How Employees Learn

How to Identify Learners’ Characteristics and Behaviors

Whether you’re a standup comedian, salesperson or instructional designer, you have to know your audience to engage them. Without engagement, you might as well be talking to yourself. You can’t entertain, influence or teach until you’ve engaged, and the key to winning over your audience lies in your ability to read them. You need to unearth their traits and behaviors to know how to hit their hot buttons and deliver content within their comfort range.

Verify Assumptions

Making assumptions about your learners or their prior experience and understanding what they bring to the course is dangerous and can set up learners for failure (not to mention the instructional designer). This isn’t to say that every custom eLearning module must start at the 101 level. State prerequisites, and/or start with a quick review and take the time to research your learners’ behaviors and characteristics.

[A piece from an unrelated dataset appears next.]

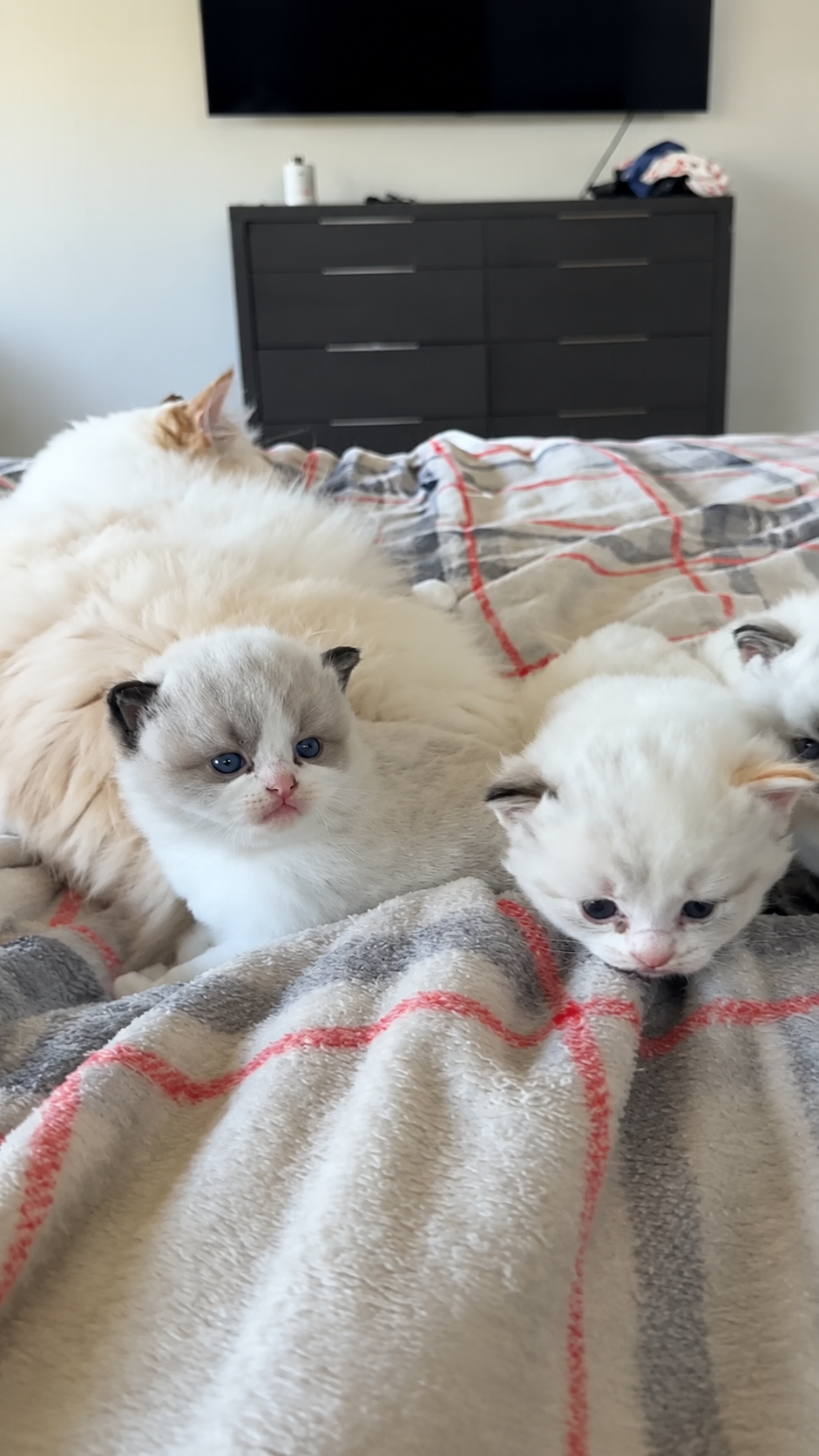 The ultimate cute cat compilation to brighten your day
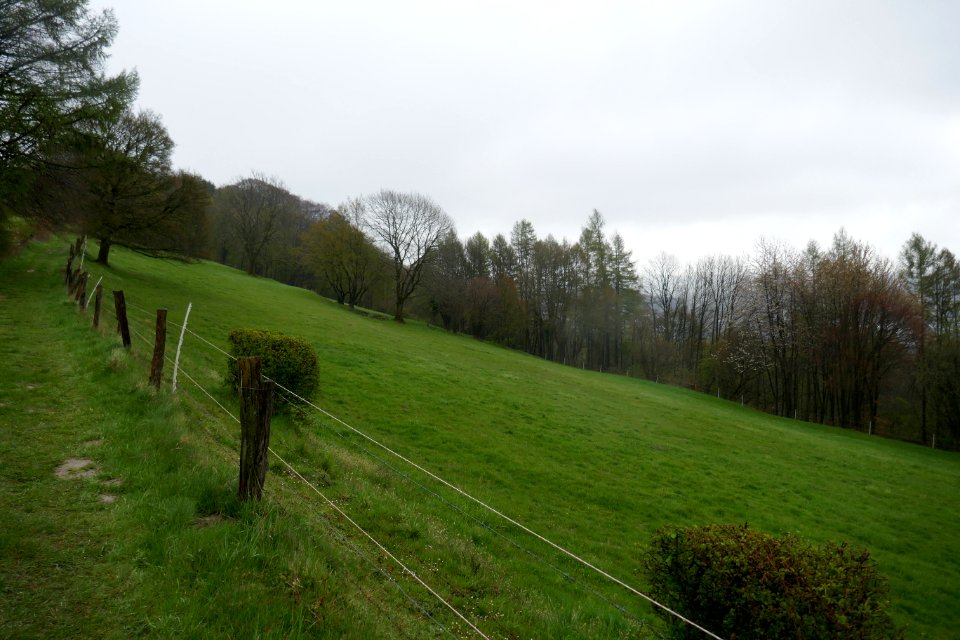 Altenbeken - NSG Sommerberg-Ortwald - 03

Assessing Behaviors and Characteristics

There is no typical workforce—even among competitors. The corporate culture plays a major role in the traits and behaviors of your audience. Crack the corporate culture, and you will crack the “workforce personality.”

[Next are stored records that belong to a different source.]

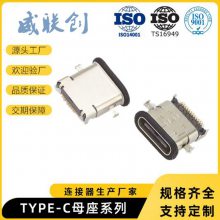 type-cĸ 24Pǰ ˮȦTYPEC 3.1USBĸ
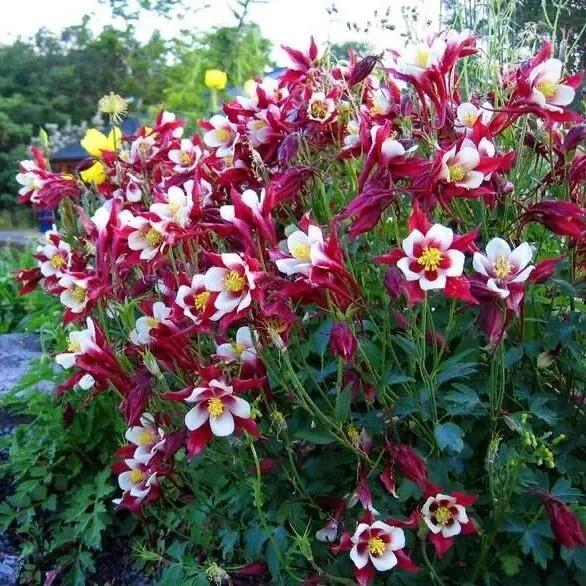 Aquilegia ��Crimson Star��
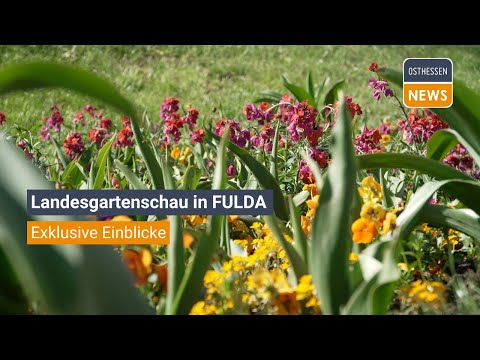 FULDA: Exklusive Einblicke auf der Landesgartenschau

Age plays a role. In broad strokes, many millennials were taught the test, and they often want “just the facts” in 200 characters of less. A more mature audience probably wants to know “why.” They are the last generation that routinely received a classical education and were encouraged to question everything and reach their own conclusions. They took endless essay tests. Both groups want relevant eLearning with real-world application; neither wants to waste time in training. You can address both groups in the same module with a “more information” link containing a brief explanation. Everyone’s a sucker for a story, which is why good storytelling with vivid characters can engage a diverse audience.

The Digital Divide

This is the area where age plays the most important role. When you deal with an inter-generational audience, technology skill sets can vary widely, and you want to know where on the continuum your audience lies. Ask, take surveys, talk to people. If your eLearning incorporates gamification or social learning, make sure your older audience understands how to use these tools.

There’s one tool at your disposal that can encourage learning among many behavioral and age groups: Personal learning networks (PLNs) allow learners to learn from and with workers who share their characteristics, behaviors and general outlooks.